╔══
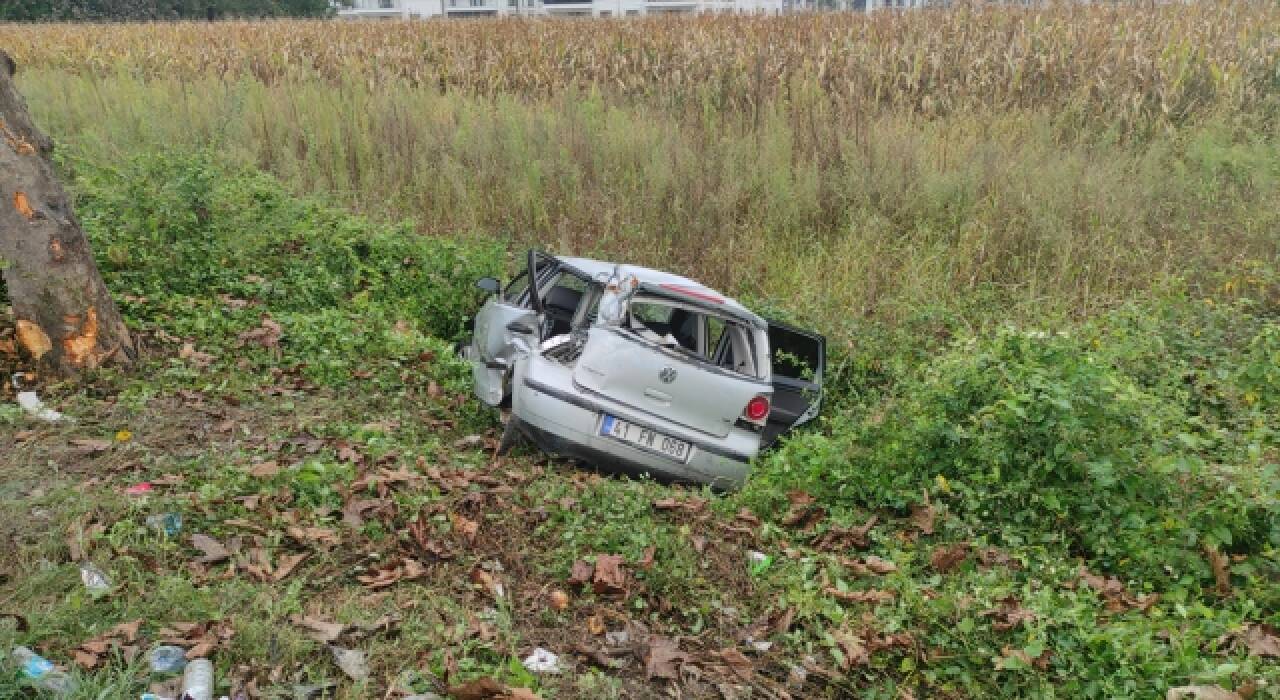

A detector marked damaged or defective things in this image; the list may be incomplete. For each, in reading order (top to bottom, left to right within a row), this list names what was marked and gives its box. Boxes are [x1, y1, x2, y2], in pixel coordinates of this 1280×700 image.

wrecked car [465, 250, 824, 488]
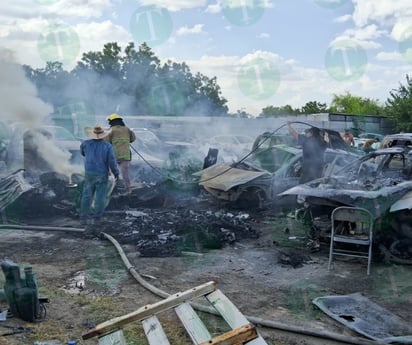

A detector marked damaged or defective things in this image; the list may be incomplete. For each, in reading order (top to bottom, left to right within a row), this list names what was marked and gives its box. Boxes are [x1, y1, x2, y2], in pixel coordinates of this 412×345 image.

burned car [195, 125, 358, 207]
charred vehicle [196, 128, 360, 208]
charred vehicle [282, 146, 412, 262]
burned car [282, 146, 412, 262]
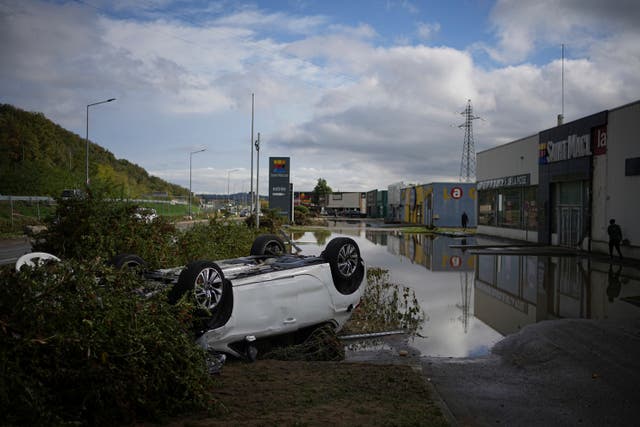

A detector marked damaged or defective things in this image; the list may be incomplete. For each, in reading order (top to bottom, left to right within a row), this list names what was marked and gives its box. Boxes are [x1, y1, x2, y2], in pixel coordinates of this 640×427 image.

overturned white car [18, 236, 364, 360]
╚══
Exercise goal | Print every entry above verbatim but drop the images.

Task response |
A detector marked damaged or defective things in this image; the list may be incomplete. For each, in reading order (top to bottom, left to right within a row), this list names what was marked and gives its box. Boxes are [x1, y1, x2, y2], in pixel coordinates of this 1280×700 image.

wrecked car [465, 250, 824, 488]

A detector marked damaged or defective things in this image; the list may be incomplete. For each, in reading order (top to bottom, left to right within a row), this list names what was marked and gives its box. Boxes are [x1, y1, x2, y2], in pixel coordinates of this 412×345 image.

burned car [195, 125, 358, 207]
charred vehicle [196, 128, 360, 208]
charred vehicle [282, 146, 412, 262]
burned car [282, 146, 412, 262]

A detector marked damaged or defective things in this image; the list may be incomplete. For each, in reading order (top to bottom, left to right within a row), this list names what was marked and gives its box. Boxes are [x1, y1, x2, y2], in pixel coordinates of this 640×427 image.

overturned white car [18, 236, 364, 360]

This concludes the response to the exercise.